Valiente, meanwhile, continues her attacks on the enemy she sees hidden amid Miami's feuding exiles. "The things that are happening make me feel so depressed, so pessimistic," she asserted during an April 9 broadcast on Radio Mambi. "Some groups in exile attack groups inside Cuba because they don't like their leanings, and this lack of democratic orientation coming from the exiles to the groups in Cuba has caused much division and ultimately completely distorts the principal objective of all Cubans. The power plays, the arrogance, the personal interests A the only thing that sustains me here are the people who follow me, people of good faith who help me regain strength to continue in my mission."

Several of those adherents, along with a contingent of reporters and photographers, have gathered for a late-April press conference at Little Havana's Centro Vasco restaurant.
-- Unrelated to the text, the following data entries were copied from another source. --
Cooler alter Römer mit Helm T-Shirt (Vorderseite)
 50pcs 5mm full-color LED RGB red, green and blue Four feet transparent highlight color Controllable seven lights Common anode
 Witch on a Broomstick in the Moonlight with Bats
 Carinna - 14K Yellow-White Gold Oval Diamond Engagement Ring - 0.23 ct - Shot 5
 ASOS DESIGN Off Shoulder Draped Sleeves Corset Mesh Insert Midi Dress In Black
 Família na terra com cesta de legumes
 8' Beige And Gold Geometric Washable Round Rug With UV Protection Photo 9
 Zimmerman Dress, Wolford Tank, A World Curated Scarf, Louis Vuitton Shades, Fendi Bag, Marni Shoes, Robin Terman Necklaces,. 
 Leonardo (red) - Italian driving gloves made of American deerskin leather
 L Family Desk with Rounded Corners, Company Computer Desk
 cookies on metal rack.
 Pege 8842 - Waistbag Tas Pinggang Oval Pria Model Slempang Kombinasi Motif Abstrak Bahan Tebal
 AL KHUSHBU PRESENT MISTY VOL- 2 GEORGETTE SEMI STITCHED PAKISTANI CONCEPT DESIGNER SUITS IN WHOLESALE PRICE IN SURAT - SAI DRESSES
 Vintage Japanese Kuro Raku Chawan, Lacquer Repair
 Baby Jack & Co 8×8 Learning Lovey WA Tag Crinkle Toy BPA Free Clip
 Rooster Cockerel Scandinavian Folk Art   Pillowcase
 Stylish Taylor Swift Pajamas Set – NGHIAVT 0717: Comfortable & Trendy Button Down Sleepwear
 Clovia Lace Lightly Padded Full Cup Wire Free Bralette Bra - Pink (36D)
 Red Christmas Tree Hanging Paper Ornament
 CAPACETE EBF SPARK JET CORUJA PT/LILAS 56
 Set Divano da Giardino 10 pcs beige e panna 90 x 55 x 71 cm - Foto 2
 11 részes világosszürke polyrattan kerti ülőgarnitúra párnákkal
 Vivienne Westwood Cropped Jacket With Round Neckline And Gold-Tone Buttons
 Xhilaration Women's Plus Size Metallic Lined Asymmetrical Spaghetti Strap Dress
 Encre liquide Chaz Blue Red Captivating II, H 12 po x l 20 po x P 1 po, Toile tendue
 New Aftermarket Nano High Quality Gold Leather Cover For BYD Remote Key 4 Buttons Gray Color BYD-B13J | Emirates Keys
Clad in a form-fitting ivory suit and cradling her Virgin, Valiente seems uncharacteristically withdrawn, despite the fact that she is here to announce an elaborate peregrinaje from Key West on Mother's Day, May 8. Looking melancholy and tired, Valiente speaks little, leaving Father Santana to describe in avid detail their plans to take a caravan to Cayo Hueso, board a boat or boats, and hold a candlelight vigil in international waters twelve miles from the port of Havana. In honor of Mother's Day, Santana says, the group will pray especially for the departure of children left in Cuba when their mothers fled to exile. While those prayers are rising, dissidents on the island plan to gather on Havana's shoreline and join their supplications with the exiles'. A large map on display at the restaurant contains two red pins -- one stuck at the tip of Florida, the other due south at Havana harbor.

Television and still cameras record an affectionate embrace and kiss between Santana and Valiente, whose smile is strained and whose eyes are veiled by some dark thought. It's impossible to tell whether she is thinking of Cheila, or of the Malec centsn, or of a thousand other reasons for feeling mournful about motherless children. She might be wondering about something so ordinary as who will give her a ride home, or wondering if maybe, after all, she should allow those two men in Havana to attempt a foolhardy rescue. But in the end, when she must say something, Valiente returns to the constant in her life, the miracle that sustains her. "I guarantee," she begins in a low voice that rises rhythmically, "I am sure, that the Virgin will be present on the Cuban coast on that night, and that the Cuban people will see her.